The general idea here is that power supply ripple is much worse when it's fed into the input of a gain stage than when it's just used as V++ because the ripple gets amplified along with the signal.

This noiseless biasing scheme is very common and can be used in place of simple voltage divider biasing in most cases. It's especially useful to remember when adapting circuits for stompboxes that were originally designed for battery use only (on-board guitar circuits and older effects that plug directly into the guitar like orange squeezers and lpb's) and don't have ripple filtering included.

[mordechai]

Ah...so it's similar to what we find on the Beavis audio site where the DC 9V goes to a small value resistor, then a moderate sized electrolytic cap, and then a much smaller cap? 

[induction]

Sort of.
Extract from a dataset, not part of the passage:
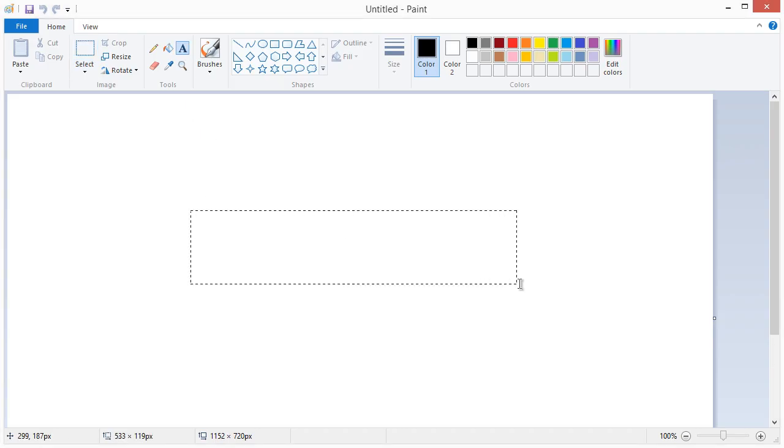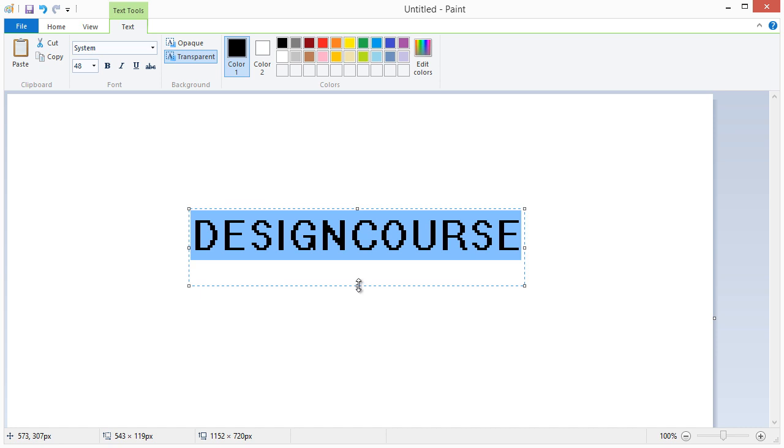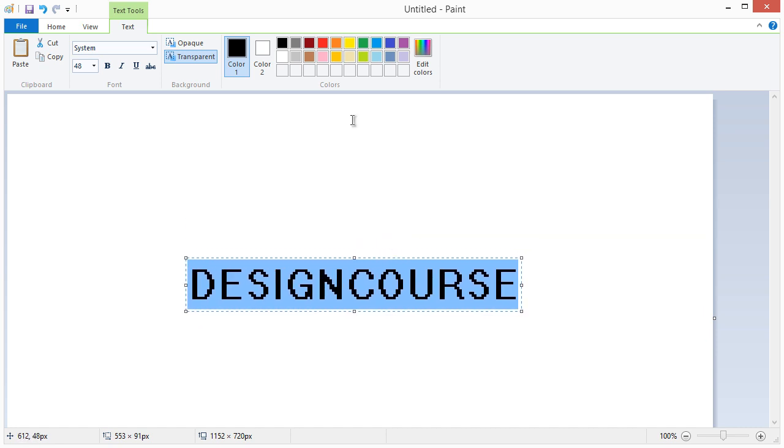Until recently, Microsoft's flagship graphics application Paint was revered as being for amateurs.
What you describe is how you filter V++. Noiseless biasing allows you to apply the same idea to filter Vref. You have to add an extra resistor between the voltage divider and the jfet (or bjt or op-amp) input so that the filter cap doesn't suck all of the treble from your input signal to ground.

[mordechai]

You have to add an extra resistor between the voltage divider and the jfet (or bjt or op-amp) input so that the filter cap doesn't suck all of the treble from your input signal to ground.

So in the third diagram on the AMZ site listed above, would that resistor  be the 4.7M?

[induction]

I should have posted this link to the AMZ buffer article earlier. Look at the very first circuit snippet, and then look how it gets used in the rest of the article. Once you recognize it, you'll see it everywhere.

Edit: We posted at the same time. Yes the 4.7M is there to maintain the high impedance from signal to ground while allowing the voltage divider resistors to be lower in value.

[mordechai]

Induction, this is all very helpful and I'm starting to understand how this modification improves the performance of the MU-Amp structure.

I am curious about the function of the 1K resistor in the "fixed version" schematic.  Does it matter where the 1K is situated with respect to the Vout of the gainstage?  Take a look at the image I've drawn up below illustrating what I mean by my question:

http://s1130.photobucket.com/user/mordechaibenzev/media/MovedVout_zps761d6136.png.html?filters[user]=124527051&filters[recent]=1&sort=1&o=0

Would either option work?

[induction]

I'm confused about that resistor myself. I simmed the circuit in LTSpice, and I found the AC gain to be the same either way, but the DC bias of the output was higher when the output is connected to the source of the upper jfet. That makes sense because some dc will be dropped across that resistor.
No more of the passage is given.